Given that \(x_1\) and \(x_2\) are the roots of \(ax^2 + bx + c = 0\), state in terms of some or all of \(a\), \(b\), \(c\): (i) the condition that \(x_1 = x_2\),
We know that \(a \neq 0\), since otherwise the equation would only have one root.
The discriminant of the quadratic equation \(ax^2 + bx + c = 0\) is given by \(b^2 - 4ac\).
There is one repeated root (that is, \(x_1 = x_2\)) if and only if \(b^2 - 4ac = 0\), or equivalently \(b^2 = 4ac\).

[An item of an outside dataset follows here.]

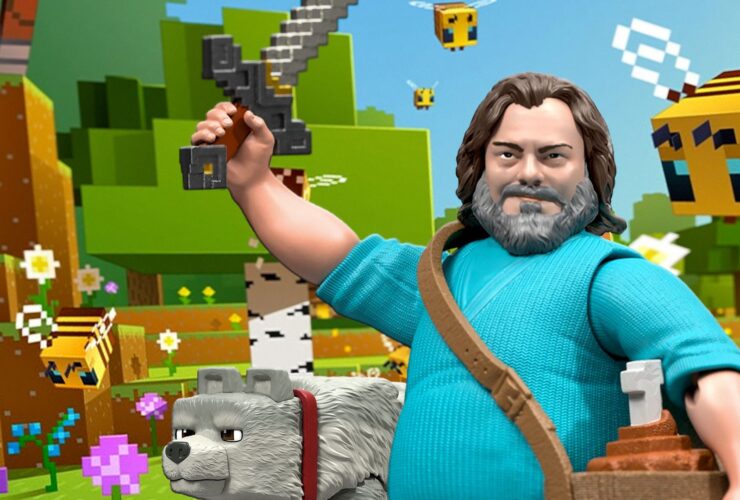 Minecraft Movie's Official Toy Line Includes Multiple Jack Black Action Figures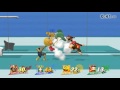 Super Smash Bros Wii U Online Battle Captain Falcon vs. Palutena vs. PAC-MAN vs. Diddy Kong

(ii) the value of \(x_1 + x_2\).
Since the roots of the quadratic equation \(ax^2 + bx + c = 0\) are \(x_1\) and \(x_2\), we can rewrite the equation as \(a(x - x_1)(x - x_2) = 0\).
Expanding this expression then yields \[ax^2 - a(x_1 + x_2)x + ax_1x_2 = 0.\] Comparing these coefficients with the ones in the original equation yields \(b = -a(x_1 + x_2)\) and hence \(x_1 + x_2 = -\dfrac{b}{a}\).
- Find the values of \(m\) for which the line \(y = mx\) is a tangent to the curve \(y^2 = 3x - 1\).
The line \(y = mx\) is a tangent to the curve \(y^2 = 3x - 1\) if the line touches the curve at exactly one point.
The intersection points are found by solving the equations of the line and the curve simultaneously.
Substituting \(y=mx\) into the equation of the curve gives \(m^2 x^2 = 3x - 1\), which is equivalent to the equation \(m^2x^2 - 3x + 1 = 0\).
By part (i) above, we know that we have exactly one root if and only if \(9 = 4m^2\), so \(m = \pm \dfrac{3}{2}\).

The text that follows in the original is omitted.